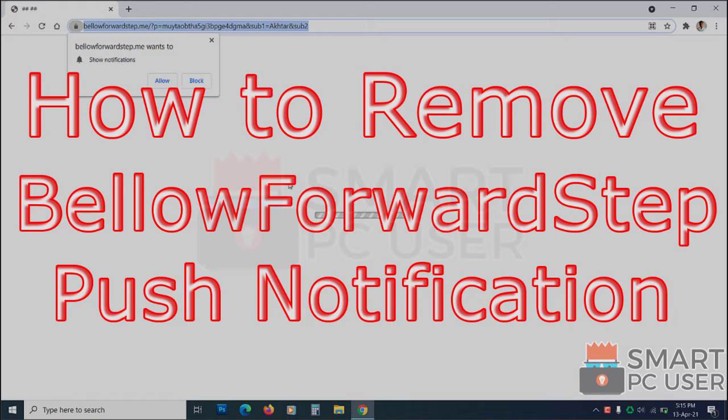In this video, we will see how to remove belowforwardstep.me popup notifications.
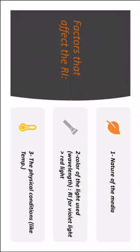And an example is the red and the violet light, since the refractive index for violet light will be greater than the refractive index for the red light. And another factor is the physical conditions like temperature.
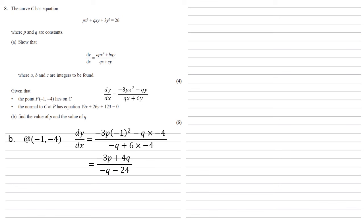Now this is dy/dx at P, but we're looking at the normal. So the normal, to find the gradient of this, we need to find the negative reciprocal. So our gradient is going to equal positive 24 + q all over -3p + 4q.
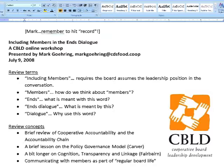This is a webinar that is part of the CBILD program. The title of the webinar is 'Including Members in the ENDS Dialogue.' We have it scheduled for 90 minutes. We certainly won't go over that.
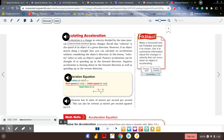Calculating acceleration: acceleration is a change in velocity divided by the time interval during which the velocity changes. Recall that velocity is the speed of an object in a given direction. However, if an object moves along a straight line, you can calculate its acceleration without considering direction. In this lesson, velocity refers to only an object's speed. Positive acceleration can be thought of as speeding up in the forward direction. Negative acceleration is slowing down in the forward direction, as well as speeding up in the reverse direction.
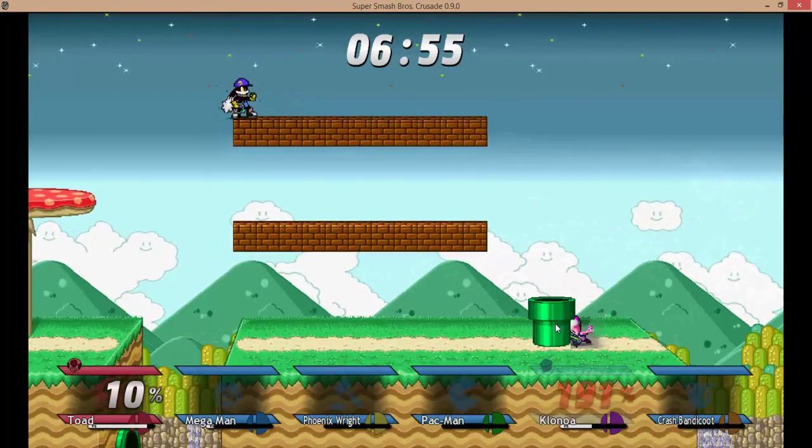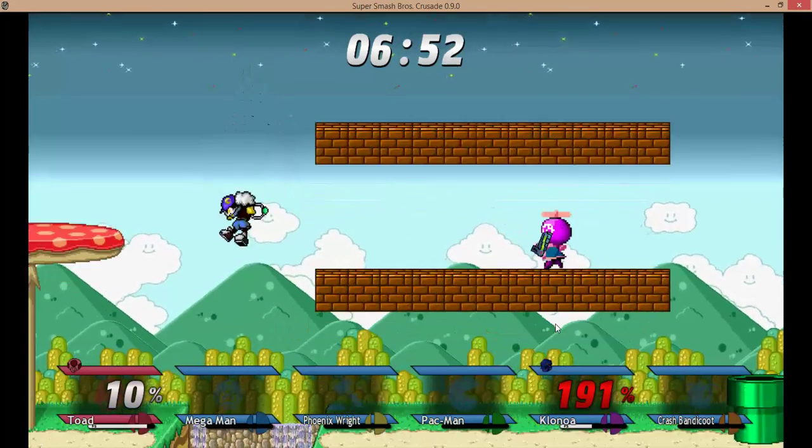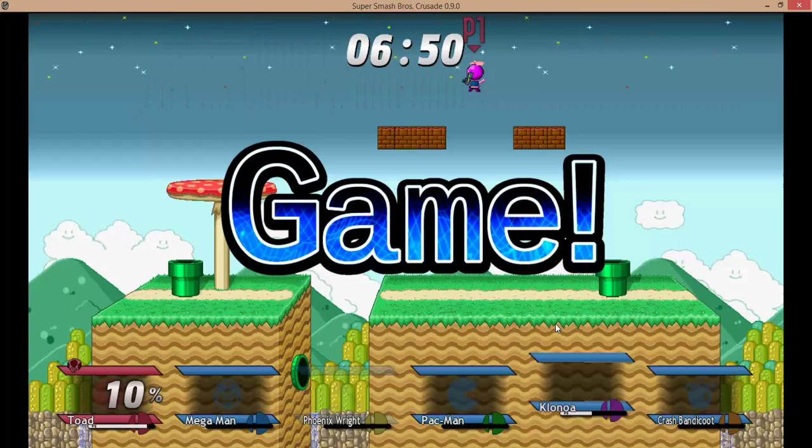Computer players, defeated! Yeah! Yeah! Yeah!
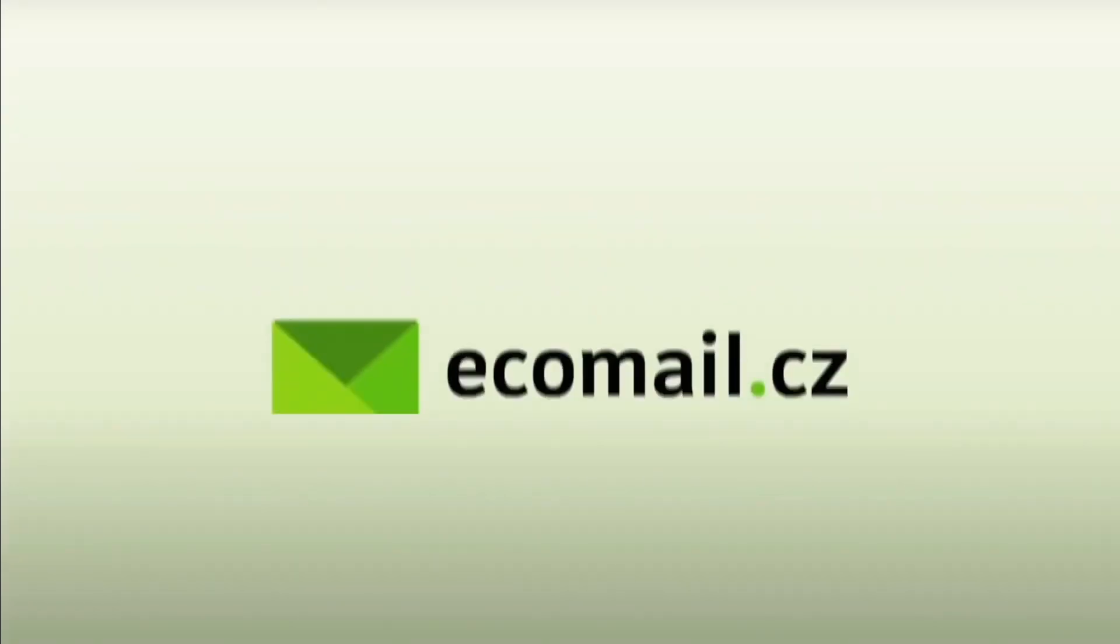Hi there, my name is Kate and I want to help you understand how to start using Ecomail, what should be your first steps and what are the features that you have available within the app. So let's get started.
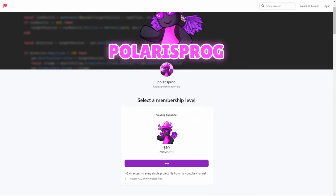If you guys want to support me and want to have access to all of the project files, including the one you're watching right now, they will all be available on my Patreon in the $10 tier.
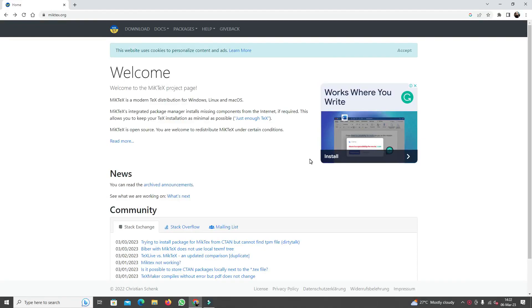Hello everyone and welcome to this tutorial where I will be showing you how to download and install LaTeX.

━━━━━━

_Task instructions:_
Repeat each line of the listing word for word, from the first through the line that contains "This is a webinar". Any picture stays out.

_Answer for this exercise:_
In this video, we will see how to remove belowforwardstep.me popup notifications.
And an example is the red and the violet light, since the refractive index for violet light will be greater than the refractive index for the red light. And another factor is the physical conditions like temperature.
Now this is dy/dx at P, but we're looking at the normal. So the normal, to find the gradient of this, we need to find the negative reciprocal. So our gradient is going to equal positive 24 + q all over -3p + 4q.
This is a webinar that is part of the CBILD program. The title of the webinar is 'Including Members in the ENDS Dialogue.' We have it scheduled for 90 minutes. We certainly won't go over that.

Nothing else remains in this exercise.